TASK TO CARRY OUT: Your answer should consist solely of the lines from the one containing "Motocicletas com militares alemães." through the end of the entries below, duplicated exactly.

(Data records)

◇ ◇ ◇

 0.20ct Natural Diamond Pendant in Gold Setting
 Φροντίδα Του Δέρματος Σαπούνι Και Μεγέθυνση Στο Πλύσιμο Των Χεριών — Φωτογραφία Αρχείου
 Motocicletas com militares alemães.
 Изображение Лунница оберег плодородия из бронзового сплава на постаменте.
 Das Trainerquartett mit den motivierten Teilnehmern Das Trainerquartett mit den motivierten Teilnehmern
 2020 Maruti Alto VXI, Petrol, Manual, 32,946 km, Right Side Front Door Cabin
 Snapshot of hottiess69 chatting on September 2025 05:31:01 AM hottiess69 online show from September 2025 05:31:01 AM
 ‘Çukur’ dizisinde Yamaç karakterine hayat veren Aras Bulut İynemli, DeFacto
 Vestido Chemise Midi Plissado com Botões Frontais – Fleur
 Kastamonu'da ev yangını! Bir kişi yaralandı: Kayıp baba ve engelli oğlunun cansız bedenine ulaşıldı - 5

◇ ◇ ◇

RESULT OF THE EXERCISE:
 Motocicletas com militares alemães.
 Изображение Лунница оберег плодородия из бронзового сплава на постаменте.
 Das Trainerquartett mit den motivierten Teilnehmern Das Trainerquartett mit den motivierten Teilnehmern
 2020 Maruti Alto VXI, Petrol, Manual, 32,946 km, Right Side Front Door Cabin
 Snapshot of hottiess69 chatting on September 2025 05:31:01 AM hottiess69 online show from September 2025 05:31:01 AM
 ‘Çukur’ dizisinde Yamaç karakterine hayat veren Aras Bulut İynemli, DeFacto
 Vestido Chemise Midi Plissado com Botões Frontais – Fleur
 Kastamonu'da ev yangını! Bir kişi yaralandı: Kayıp baba ve engelli oğlunun cansız bedenine ulaşıldı - 5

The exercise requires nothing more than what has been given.